= Ameer Ismail =

Sri Lankan judge

Ameer Ismail is a retired judge of the Supreme Court of Sri Lanka and a former chairman of the Commission to Investigate Allegations of Bribery or Corruption, Sri Lanka.

==Education==
Ismail was educated at Wesley College, Colombo, Sri Lanka.

He obtained the Bachelor of Laws degree from the University of Ceylon in 1967 and then passed out as an advocate from the Sri Lanka Law College. He was enrolled and admitted as an advocate of the Supreme Court of Sri Lanka in 1969.

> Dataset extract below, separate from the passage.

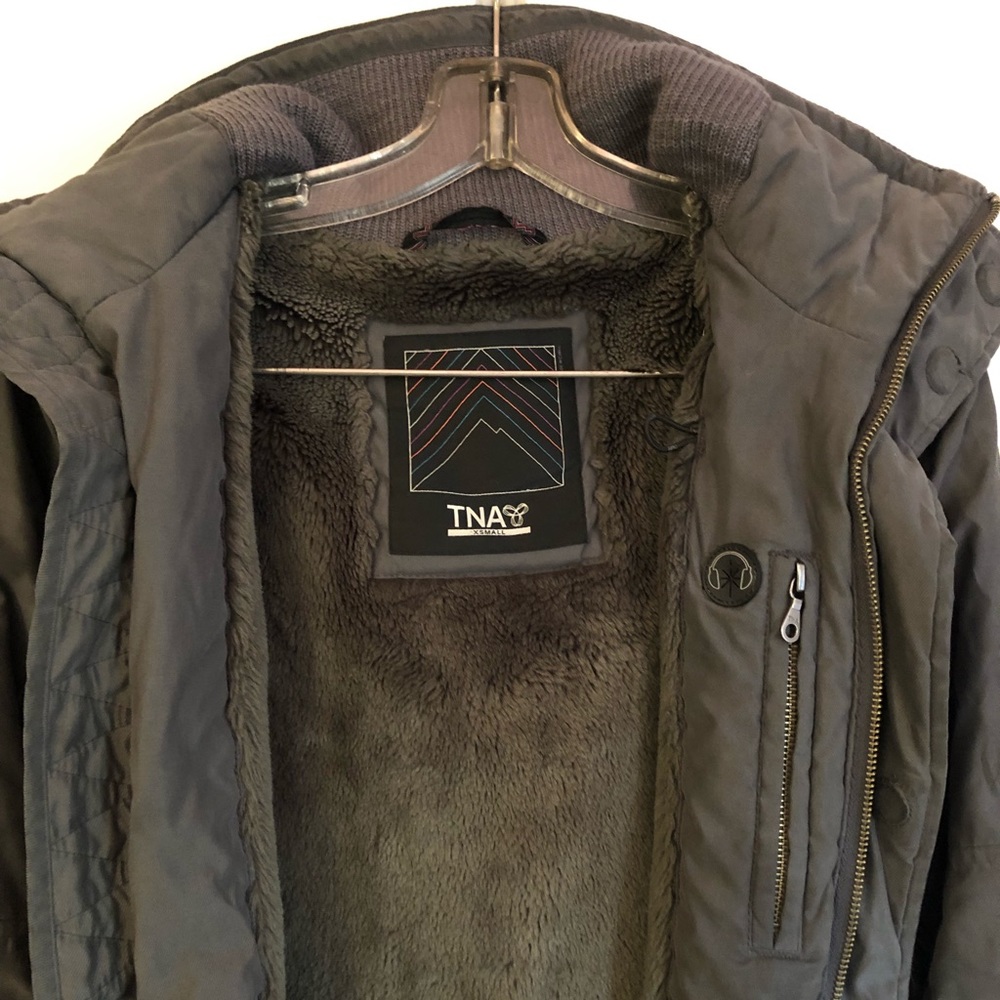 Charcoal TNA Winter Parka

Ismail has obtained a diploma in international air law from the Utrecht University, Netherlands in 1983. He has followed a course in 1998, in Dispute Resolution organized by the Institute for the Study and Development of Legal Systems in the University of California, Berkeley.

==Career==
He joined the Attorney-General's Department as a Crown Counsel in 1971 after a brief period of practice in the unofficial bar. He served the department for a period of 12 years as a state counsel and as a senior state counsel.

He was absorbed into the judiciary in 1983 as a High Court judge. After serving in various stations as a judge of the High Court exercising original jurisdiction, he was promoted as a judge of the Court of Appeal in 1990. He became the president of the Court of Appeal in 1998.

He was then elevated as a judge of the Supreme Court of Sri Lanka in 1999. During his tenure as a Supreme Court judge, he served as a member of the Judicial Service Commission. He was also appointed a member of the Council of Legal Education. He retired as a Supreme Court judge in 2002.

Ismail was appointed as the chairman of the Commission to Investigate Allegations of Bribery or Corruption by Her Excellency the President on the recommendation of the Constitutional Council in March 2005 for a period of five years ending March 2010.